President Patrick Yarde, while recapping some of the highlights of the GPSU’s just concluded 15th Biennial Conference, said the union had endorsed a resolution mandating the union’s executive council to negotiate to finality with government a means of having only its members benefit from increases granted after negotiations.

The conference also passed a motion seeking an amendment to the country’s constitution to clearly articulate and remove ambiguity with relation to the status of employees of the state at certain levels.

This motion was conceived as a result of what members saw as the government’s perceived leaning towards establishing several authorities with the purpose of carrying out state functions.

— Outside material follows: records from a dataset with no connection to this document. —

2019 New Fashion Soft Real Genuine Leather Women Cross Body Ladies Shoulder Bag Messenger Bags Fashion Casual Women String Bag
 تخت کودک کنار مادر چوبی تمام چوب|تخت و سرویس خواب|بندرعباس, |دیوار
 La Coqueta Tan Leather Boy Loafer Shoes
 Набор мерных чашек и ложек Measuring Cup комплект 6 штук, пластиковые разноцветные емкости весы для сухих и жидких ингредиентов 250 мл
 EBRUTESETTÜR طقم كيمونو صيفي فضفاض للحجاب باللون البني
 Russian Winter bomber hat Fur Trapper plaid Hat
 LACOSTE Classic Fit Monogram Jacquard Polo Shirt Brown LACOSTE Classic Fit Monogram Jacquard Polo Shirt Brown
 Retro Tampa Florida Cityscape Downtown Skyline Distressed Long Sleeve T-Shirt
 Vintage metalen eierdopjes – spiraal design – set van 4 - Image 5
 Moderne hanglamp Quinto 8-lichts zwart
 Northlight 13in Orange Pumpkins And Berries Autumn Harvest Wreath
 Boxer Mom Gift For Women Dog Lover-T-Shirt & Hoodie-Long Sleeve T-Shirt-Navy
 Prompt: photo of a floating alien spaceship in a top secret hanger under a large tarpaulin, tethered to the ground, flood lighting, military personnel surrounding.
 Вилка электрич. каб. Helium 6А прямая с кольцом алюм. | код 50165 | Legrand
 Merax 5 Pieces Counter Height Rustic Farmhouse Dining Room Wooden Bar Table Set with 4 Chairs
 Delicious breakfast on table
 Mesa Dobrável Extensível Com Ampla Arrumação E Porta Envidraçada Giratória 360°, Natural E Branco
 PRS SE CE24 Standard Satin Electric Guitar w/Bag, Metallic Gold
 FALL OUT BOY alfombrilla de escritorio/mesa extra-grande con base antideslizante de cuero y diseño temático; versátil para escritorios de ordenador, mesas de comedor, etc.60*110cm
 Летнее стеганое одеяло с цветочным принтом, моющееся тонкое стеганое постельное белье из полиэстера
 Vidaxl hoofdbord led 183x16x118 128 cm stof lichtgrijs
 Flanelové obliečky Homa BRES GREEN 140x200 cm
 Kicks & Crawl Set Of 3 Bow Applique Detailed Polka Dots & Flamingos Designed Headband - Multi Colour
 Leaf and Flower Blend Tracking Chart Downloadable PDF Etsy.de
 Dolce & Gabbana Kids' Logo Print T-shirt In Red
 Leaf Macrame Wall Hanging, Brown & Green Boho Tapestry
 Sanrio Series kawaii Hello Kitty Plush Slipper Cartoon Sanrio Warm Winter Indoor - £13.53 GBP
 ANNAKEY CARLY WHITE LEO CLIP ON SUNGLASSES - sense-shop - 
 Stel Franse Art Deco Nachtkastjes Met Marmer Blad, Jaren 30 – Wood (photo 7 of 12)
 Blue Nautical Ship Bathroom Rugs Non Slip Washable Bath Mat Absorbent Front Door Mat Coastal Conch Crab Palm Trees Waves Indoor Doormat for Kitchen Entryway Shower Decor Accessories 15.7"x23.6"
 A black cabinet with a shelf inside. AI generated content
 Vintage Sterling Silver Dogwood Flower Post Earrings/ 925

They also sought a guarantee that the conditions of service of those who are entering the service are no less favourable than those enjoyed by public officers currently employed in certain positions.

There was a motion directing the executive council of the union to agitate for amendments to the public service rules, as well as those relating to collective bargaining, to include clauses clearly defining abuse of authority as a matter likely to attract disciplinary action.

Various branches from the ten administrative regions proposed several motions at the conference including demanding engagement of the union and the government in achieving rises in allowances, salaries and incentives to long-serving employees.

Members also deliberated over appointments of public servants who had been in ‘acting’ positions for years as well as the issue of compensation for employees who are injured or killed in accidents while travelling in government vehicles.

A proposal was also put to have the qualifying age for National Insurance lowered from 60 years to 55 years to coincide with the minimum age of retirement from the public service.

The two-day conference focused on ways of strengthening the membership base to allow it to be more beneficial to its members.